Bowen’s grandmother has provided her with insight on what is important and where value lies in everyday life.

“The biggest thing that she has taught me is even if your life seems small and your territory is small and the places you’ve been are minimal, you still have a history and something that someday someone will come looking for,” Bowen said. “I want people to come looking for it and find it and know that they have like, I don’t know, I guess to know that they have been found.”

The biggest thing that she has taught me is even if your life seems small and your territory is small and the places you’ve been are minimal, you still have a history and something that someday someone will come looking for.”

Bowen favors a large spectrum of works done by other writers, like “I’ll Give You The Sun” by Jandy Nelson. Bowen describes the feeling of first reading the story as, “being blown away,” and , “an accurate portrayal of life at it’s finest and least finest moments.”

“The way that the author wove together the good and the bad moments and the past and the present and just made it seem like even small people have big stories, I felt like that was one of  the most important bits of writing people could and should read,” Bowen said.

Another novel that most recently motivated Bowen back into writing is titled “They Went Left,” by Monica Hesse. A story about the rehabilitation endevaours that took place after the Holocaust.

“I find this story also super important as well because I feel like we don’t hear a lot about the rehabilitation efforts after the Holocaust. We hear a lot about the horrors that happened during it, but we never hear about how the world and lives were rebuilt,” Bowen said. “ How did we get where we are today? I think those gaps in history that nobody ever talks about are somehow the most important because it’s what happened in between. It influences where we are now.”

Bowen works endlessly to support herself in any and all ways in her pursuit of becoming a writer. Especially in taking time to examine and appreciate others’ work.
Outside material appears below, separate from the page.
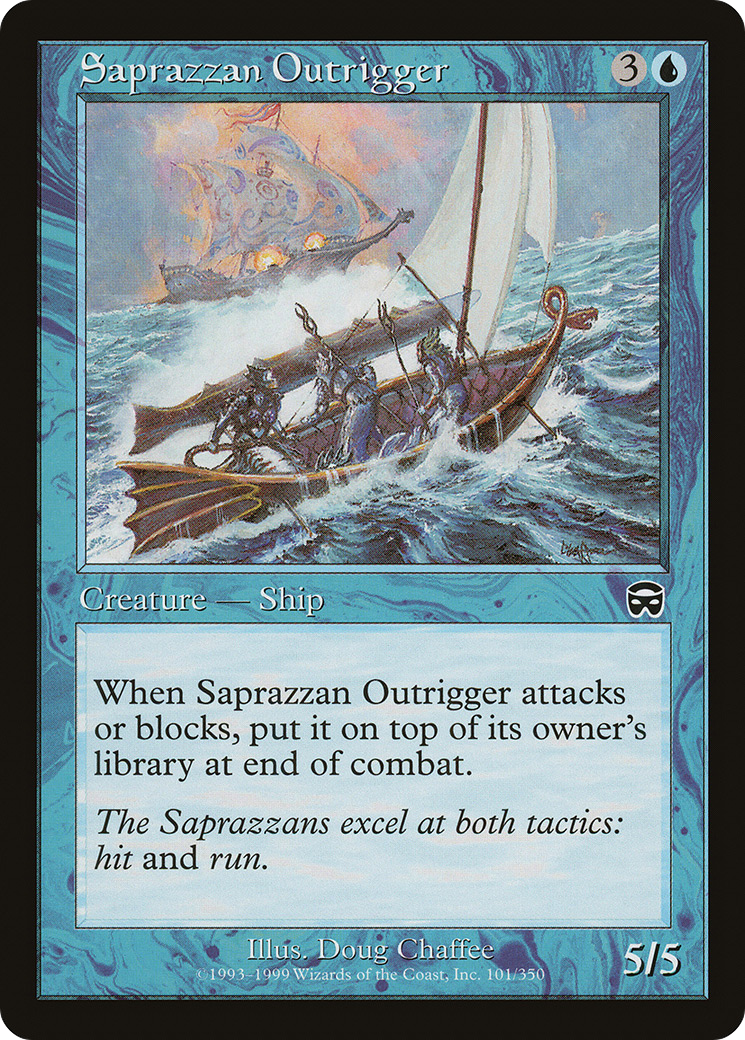 Saprazzan Outrigger [Mercadian Masques]-1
“Above all, I like reading other people’s writings and memoirs and their opinion pieces and saying what I would have, to add to that,“  Bowen said. “If I can read a really good essay and then I can think ‘wow, they missed some of these points,’ I want to be the one to write about those points. It is not that I want to discredit that author for missing points, it’s that I want to add to the gaps. That is my main mission above all else,it is to add to the gaps in both our present world, our past, and build it for the future.”